The prior authorization (PA) process healthcare providers endure is a story of unintended consequences. Created as a utilization management tool for healthcare insurance companies to control costs and protect patients from surprise bills, it has increasingly created heavy administrative burdens, increased claim denials and rework, and delays in care for patients. Medicare Advantage (MA) plans have become notorious for their high denial rates. The share of all PA requests that were denied by MA plans increased from 5.7% in 2019 to 7.4% in 2022. PA process challenges, whether related to commercial or government coverage, have a negative impact on providers’ financial performance and cause unnecessary stress for billing teams and patients alike.
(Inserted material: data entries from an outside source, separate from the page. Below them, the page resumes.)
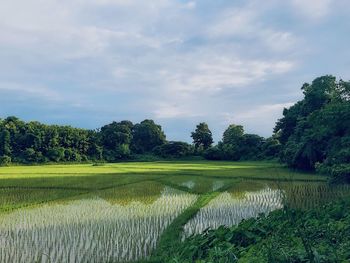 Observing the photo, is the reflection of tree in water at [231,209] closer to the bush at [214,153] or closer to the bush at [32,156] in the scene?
the bush at [214,153]

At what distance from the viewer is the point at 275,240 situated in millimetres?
4898

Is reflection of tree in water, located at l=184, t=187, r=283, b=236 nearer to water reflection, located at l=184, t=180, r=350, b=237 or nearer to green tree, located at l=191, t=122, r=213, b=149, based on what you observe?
water reflection, located at l=184, t=180, r=350, b=237

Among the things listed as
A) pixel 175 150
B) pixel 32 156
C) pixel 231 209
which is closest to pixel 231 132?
pixel 175 150

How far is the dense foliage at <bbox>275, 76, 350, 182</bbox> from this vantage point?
1512 cm

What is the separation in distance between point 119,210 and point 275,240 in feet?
27.5

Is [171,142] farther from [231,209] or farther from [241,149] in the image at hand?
[231,209]

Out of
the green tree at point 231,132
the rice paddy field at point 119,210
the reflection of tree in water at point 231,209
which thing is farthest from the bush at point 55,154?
the reflection of tree in water at point 231,209

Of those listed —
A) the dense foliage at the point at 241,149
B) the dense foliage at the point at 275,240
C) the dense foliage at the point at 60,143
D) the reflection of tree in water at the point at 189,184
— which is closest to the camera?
the dense foliage at the point at 275,240

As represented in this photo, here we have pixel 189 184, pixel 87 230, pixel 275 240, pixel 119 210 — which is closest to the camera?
pixel 275 240

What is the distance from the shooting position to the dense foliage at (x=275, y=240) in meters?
4.29

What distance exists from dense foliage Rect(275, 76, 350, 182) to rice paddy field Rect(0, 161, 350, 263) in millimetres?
1239

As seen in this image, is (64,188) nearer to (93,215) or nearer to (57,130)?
(93,215)

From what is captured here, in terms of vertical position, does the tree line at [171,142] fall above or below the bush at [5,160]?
above

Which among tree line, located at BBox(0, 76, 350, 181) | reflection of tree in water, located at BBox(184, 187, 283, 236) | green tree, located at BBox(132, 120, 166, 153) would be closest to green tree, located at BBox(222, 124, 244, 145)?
tree line, located at BBox(0, 76, 350, 181) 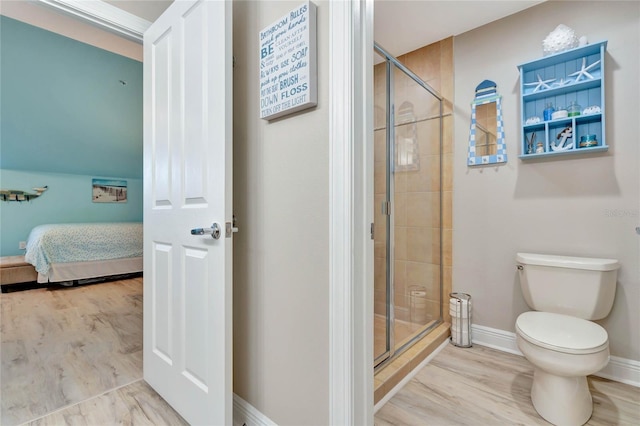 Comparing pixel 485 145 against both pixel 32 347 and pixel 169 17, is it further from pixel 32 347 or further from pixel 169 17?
pixel 32 347

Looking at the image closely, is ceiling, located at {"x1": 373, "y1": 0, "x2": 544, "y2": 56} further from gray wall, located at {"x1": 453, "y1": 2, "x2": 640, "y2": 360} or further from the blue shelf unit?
the blue shelf unit


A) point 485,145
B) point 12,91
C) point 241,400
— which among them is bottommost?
point 241,400

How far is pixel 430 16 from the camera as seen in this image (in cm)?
213

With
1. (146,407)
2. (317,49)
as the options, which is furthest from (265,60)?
(146,407)

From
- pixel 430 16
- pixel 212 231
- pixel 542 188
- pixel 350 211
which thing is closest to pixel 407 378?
pixel 350 211

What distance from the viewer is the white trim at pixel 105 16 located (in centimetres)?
147

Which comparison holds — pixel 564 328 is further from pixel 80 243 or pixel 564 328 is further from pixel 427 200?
pixel 80 243


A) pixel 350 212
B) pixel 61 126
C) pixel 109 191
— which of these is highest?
pixel 61 126

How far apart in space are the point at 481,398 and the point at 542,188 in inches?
54.3

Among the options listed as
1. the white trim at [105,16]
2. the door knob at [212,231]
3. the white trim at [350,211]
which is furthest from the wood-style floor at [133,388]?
the white trim at [105,16]

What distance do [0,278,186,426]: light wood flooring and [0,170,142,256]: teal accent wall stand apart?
1.65 m

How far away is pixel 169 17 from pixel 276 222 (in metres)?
1.16

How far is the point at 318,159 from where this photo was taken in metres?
1.08

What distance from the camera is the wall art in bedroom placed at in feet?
17.2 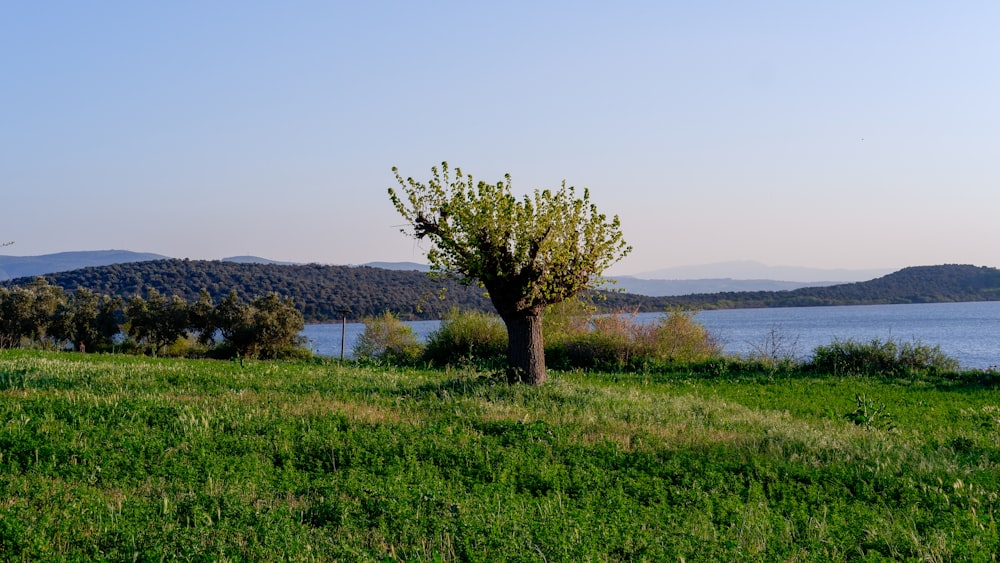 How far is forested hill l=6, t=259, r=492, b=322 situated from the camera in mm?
87125

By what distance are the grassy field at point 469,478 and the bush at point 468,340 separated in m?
15.7

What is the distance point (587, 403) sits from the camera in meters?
15.1

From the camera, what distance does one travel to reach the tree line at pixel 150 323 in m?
51.0

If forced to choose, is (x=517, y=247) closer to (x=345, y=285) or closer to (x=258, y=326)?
(x=258, y=326)

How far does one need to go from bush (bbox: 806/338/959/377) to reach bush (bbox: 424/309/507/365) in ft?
40.6

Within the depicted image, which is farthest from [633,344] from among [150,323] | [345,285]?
[345,285]

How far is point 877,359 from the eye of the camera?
2694 cm

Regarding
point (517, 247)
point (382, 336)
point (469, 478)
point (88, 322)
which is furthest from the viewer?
point (88, 322)

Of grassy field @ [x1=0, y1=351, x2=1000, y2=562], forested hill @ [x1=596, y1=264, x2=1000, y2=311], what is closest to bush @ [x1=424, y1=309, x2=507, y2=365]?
grassy field @ [x1=0, y1=351, x2=1000, y2=562]

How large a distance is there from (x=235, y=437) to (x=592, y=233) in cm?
1108

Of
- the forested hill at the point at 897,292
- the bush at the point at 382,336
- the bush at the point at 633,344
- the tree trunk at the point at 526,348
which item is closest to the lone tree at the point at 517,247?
the tree trunk at the point at 526,348

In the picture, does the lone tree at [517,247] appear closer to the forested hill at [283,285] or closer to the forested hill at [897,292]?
the forested hill at [283,285]

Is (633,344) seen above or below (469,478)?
above

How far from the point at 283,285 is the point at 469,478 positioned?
9580cm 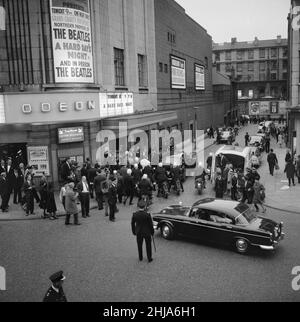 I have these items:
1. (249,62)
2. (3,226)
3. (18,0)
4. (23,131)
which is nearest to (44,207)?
(3,226)

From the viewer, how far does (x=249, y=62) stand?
9188 cm

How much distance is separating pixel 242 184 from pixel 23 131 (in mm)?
10986

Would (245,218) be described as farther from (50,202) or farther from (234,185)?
(50,202)

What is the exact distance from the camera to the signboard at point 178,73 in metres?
39.4

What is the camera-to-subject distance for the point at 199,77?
5053cm

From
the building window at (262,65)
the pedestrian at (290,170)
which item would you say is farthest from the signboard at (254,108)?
the pedestrian at (290,170)

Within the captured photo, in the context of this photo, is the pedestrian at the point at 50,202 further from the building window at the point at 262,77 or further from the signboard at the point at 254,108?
the building window at the point at 262,77

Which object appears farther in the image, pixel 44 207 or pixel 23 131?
pixel 23 131

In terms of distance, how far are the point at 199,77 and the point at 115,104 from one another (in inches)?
1107

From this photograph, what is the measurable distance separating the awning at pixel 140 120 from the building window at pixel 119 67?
244 cm

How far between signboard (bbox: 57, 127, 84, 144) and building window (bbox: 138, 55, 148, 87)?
10.8 metres

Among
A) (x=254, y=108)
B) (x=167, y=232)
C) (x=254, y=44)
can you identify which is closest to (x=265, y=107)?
(x=254, y=108)
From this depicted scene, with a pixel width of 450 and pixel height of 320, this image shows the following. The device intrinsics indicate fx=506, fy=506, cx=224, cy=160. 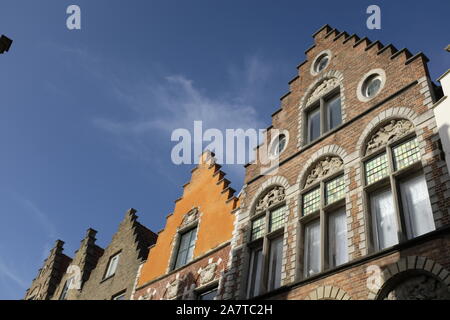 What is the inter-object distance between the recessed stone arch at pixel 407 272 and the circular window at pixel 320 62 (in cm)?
791

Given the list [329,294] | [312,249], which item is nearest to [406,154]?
[312,249]

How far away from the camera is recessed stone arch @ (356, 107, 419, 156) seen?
11.1 meters

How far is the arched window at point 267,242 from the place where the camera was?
12.2 meters

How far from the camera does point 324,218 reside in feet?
37.7

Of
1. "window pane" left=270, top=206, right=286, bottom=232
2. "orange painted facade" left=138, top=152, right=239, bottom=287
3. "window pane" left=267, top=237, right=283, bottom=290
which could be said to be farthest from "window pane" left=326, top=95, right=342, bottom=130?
"orange painted facade" left=138, top=152, right=239, bottom=287

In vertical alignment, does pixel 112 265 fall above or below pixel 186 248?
above

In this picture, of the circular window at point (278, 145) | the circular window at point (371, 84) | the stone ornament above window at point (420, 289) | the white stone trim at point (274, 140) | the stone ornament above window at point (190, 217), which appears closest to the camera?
the stone ornament above window at point (420, 289)

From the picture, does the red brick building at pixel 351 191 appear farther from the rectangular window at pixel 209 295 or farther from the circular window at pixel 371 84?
the rectangular window at pixel 209 295

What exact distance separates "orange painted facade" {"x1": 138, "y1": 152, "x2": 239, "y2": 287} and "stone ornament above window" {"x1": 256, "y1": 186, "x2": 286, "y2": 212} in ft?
4.58

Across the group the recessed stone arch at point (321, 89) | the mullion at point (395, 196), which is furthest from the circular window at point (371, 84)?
the mullion at point (395, 196)

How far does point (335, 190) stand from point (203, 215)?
19.8 ft

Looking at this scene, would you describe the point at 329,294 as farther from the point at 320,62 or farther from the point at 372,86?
the point at 320,62

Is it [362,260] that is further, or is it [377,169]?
[377,169] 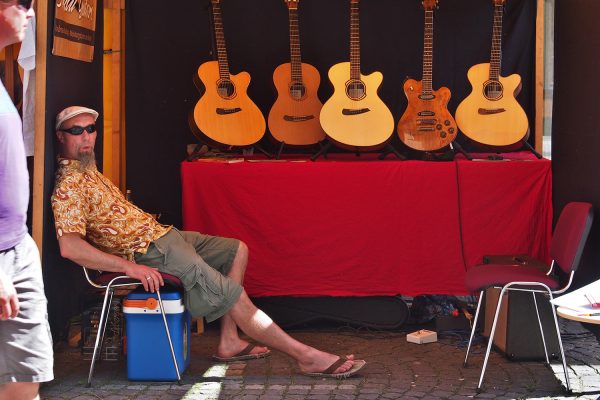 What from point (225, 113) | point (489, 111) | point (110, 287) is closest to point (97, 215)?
point (110, 287)

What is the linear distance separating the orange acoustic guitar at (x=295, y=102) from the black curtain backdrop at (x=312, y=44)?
30cm

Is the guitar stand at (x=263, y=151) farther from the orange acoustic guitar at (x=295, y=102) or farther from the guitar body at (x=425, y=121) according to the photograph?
the guitar body at (x=425, y=121)

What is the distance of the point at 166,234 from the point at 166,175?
5.28 ft

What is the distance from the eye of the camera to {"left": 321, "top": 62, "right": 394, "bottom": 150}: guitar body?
556cm

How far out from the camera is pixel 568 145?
5.38 meters

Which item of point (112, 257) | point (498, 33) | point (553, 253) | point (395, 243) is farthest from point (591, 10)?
point (112, 257)

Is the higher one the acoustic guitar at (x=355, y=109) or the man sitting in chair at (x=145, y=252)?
the acoustic guitar at (x=355, y=109)

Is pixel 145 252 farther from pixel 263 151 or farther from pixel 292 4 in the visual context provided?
pixel 292 4

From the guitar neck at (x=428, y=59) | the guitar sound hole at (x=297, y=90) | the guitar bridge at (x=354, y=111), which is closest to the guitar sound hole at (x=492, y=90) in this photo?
the guitar neck at (x=428, y=59)

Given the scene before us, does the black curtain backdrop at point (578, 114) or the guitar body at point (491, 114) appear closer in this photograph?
the black curtain backdrop at point (578, 114)

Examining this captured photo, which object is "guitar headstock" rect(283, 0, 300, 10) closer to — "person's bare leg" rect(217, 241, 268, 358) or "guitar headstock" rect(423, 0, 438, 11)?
"guitar headstock" rect(423, 0, 438, 11)

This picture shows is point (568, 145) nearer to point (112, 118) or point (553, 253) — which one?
point (553, 253)

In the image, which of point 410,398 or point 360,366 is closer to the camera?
point 410,398

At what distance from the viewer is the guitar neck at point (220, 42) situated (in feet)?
18.6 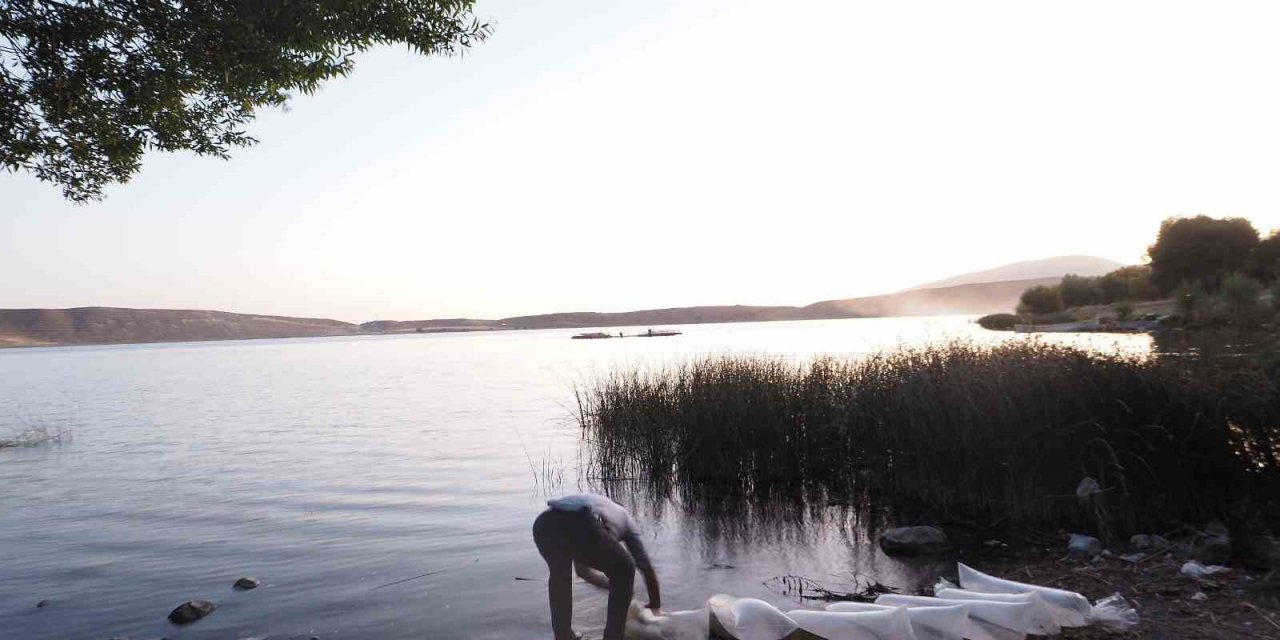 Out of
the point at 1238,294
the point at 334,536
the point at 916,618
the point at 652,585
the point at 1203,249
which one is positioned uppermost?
the point at 1203,249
Addressing the root causes of process delays, administrative bloat, and claim denials that lead to write-offs is complicated — especially with increasing PA demands from payers. Rules differ from payer to payer and from plan to plan, and the rules change frequently. Typically, the process is highly manual and requires administrative staff to search paper documentation, PDFs, and payer web portals. Physicians and other providers must review the PA requests and medical charts, robbing them of time — 12 hours per week, per physician on average, according to the “2023 AMA prior authorization physician survey” — that could be spent with patients.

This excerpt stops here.